For DeGale it was the start of a journey that would see him become the first boxer to win Olympic gold for GB and then win a professional world title. “Where has the 10 years gone?” he wonders. “It’s been a decade since my Olympic gold medal. I remember turning pro and Jim [McDonnell, his trainer] saying your career goes like that, literally. I don’t know where the 10 years has gone. It’s been a good journey, there’s been some ups and downs.”
“I’m a 22 year old boy from Harlesden, I’m thinking what’s happening here. We flew back, we had a big media day when we landed. I couldn’t deal with it, cameras shoved in your face, interviews, everyone wanted five minutes of your time. I wasn’t used to it. Even as an amateur, I boxed for Great Britain [but] I wasn’t one of the golden boys, it was Frankie Gavin, David Price. They got more media attention,” he said of the moment his life changed. “Turning pro and getting booed on my professional debut and then turning everything around.”
He won the British title early on his career but would lose to arch-rival George Groves. “I lost to Groves and that next year and a half, two years, the rebuild, the building back up, it was difficult. And I changed promoters, I was boxing on Channel Five. People were giving me stick for that. I was boxing on terrestrial telly and people were still giving me stick. Signed with Eddie Hearn, had a couple of fights, quality fights with Brandon Gonzalez, looked quality there and then [Marco Antonio] Periban,” he recalled.
He worked his way to a mandatory position and fought Andre Dirrell for the IBF super-middleweight title in Boston. “I got my chance. I got a chance against a real good fighter. It weren’t just someone, it was a quality fighter. Someone that’s been in the ring with [Carl] Froch. He had an argument that he beat Froch. Abraham, he’s been in and a beat a lot of good quality fighters. Good pedigree, Andre Dirrell and I probably don’t get the credit there, beating Andre Dirrell for the world title,” DeGale said. “This Brit was going abroad and he’s fighting for a world title. Our Olympic champion, he’s going away, he’s ready, he’s fit, he’s going to do it for our country.”

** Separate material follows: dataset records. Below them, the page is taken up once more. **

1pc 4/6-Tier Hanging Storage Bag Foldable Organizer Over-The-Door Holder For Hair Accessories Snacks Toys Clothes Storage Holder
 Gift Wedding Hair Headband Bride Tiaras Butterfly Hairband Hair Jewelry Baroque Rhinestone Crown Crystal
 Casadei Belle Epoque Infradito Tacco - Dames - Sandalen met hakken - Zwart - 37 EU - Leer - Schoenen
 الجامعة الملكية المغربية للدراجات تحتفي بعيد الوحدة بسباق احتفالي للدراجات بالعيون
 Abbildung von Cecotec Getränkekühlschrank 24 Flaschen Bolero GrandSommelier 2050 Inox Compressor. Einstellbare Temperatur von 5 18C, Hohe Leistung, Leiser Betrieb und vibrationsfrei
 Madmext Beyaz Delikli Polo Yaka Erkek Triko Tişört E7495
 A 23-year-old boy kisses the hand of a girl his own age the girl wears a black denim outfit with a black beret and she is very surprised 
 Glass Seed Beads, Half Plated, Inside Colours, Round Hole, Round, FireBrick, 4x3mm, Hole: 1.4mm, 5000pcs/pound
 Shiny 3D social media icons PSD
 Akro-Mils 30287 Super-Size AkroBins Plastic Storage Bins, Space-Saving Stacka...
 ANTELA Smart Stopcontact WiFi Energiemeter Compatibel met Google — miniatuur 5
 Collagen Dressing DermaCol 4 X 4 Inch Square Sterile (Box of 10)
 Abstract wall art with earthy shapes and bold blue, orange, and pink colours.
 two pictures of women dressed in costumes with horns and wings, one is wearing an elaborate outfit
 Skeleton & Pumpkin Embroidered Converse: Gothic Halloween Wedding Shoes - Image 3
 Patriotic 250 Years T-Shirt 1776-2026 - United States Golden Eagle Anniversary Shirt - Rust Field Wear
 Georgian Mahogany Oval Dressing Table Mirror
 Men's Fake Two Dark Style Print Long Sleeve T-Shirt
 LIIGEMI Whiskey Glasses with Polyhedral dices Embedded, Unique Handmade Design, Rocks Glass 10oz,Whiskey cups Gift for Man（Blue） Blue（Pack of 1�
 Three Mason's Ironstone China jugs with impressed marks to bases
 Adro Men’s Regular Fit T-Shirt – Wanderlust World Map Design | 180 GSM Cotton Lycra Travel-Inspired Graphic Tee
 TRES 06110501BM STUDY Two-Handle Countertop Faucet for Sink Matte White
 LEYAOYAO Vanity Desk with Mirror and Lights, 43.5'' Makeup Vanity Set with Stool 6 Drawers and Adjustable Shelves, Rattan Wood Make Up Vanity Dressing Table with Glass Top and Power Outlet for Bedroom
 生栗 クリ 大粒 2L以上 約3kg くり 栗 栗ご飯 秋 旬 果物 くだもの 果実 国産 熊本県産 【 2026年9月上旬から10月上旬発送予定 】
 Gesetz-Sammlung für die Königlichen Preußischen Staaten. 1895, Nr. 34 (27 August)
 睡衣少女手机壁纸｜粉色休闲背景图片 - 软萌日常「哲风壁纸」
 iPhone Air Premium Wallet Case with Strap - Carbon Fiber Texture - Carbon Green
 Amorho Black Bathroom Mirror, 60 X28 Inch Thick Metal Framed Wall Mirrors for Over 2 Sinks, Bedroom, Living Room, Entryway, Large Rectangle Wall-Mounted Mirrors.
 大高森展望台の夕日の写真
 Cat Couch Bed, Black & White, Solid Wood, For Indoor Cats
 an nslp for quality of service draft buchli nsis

He won the title craved, and something more. “People started giving me respect – ‘he’s cocky but he’s good’ – was after I won my world title,” DeGale said. “People say I’m arrogant. It’s confidence. I’m confident in my own ability.
“I honestly do believe on my day people will find it hard to beat me.”
“I always knew that I was going to be world champion. That’s every boy’s dream, becoming world champion. Those four world titles, everyone dreams about lifting one of them,” he continued. “That night in Boston was great.”
He returned to London and was just watching at the O2, sitting ringside, the camera focused on him. The arena erupted with cheers. He had gone from being booed on his debut to being celebrated in his hometown. “I was sitting there and they put the camera on me and there was a massive roar around the arena,” he smiled. “I was like what? This is for me?
“I was surprised. I didn’t realise that the camera was on me. The boxing public can sometimes be cruel, a bit harsh. But I think deep down they respect me as a fighter and what I’ve done and what I’ve achieved.”
There were further twists in the tale. After a sequence of hard fights in America he lost his title in a homecoming bout in London, only to become a two-time world champion when he took a revenge win over Caleb Truax in Las Vegas.
The story isn’t over yet. DeGale’s next move will be announced soon. “I’m normal boy from north west London. Harlesden, the ghetto, 15 years ago that was the knife capital of London,” he said. “I’ve done well, I’ve got a good family around me and I’m happy with it. I’m happy with what I’ve done.”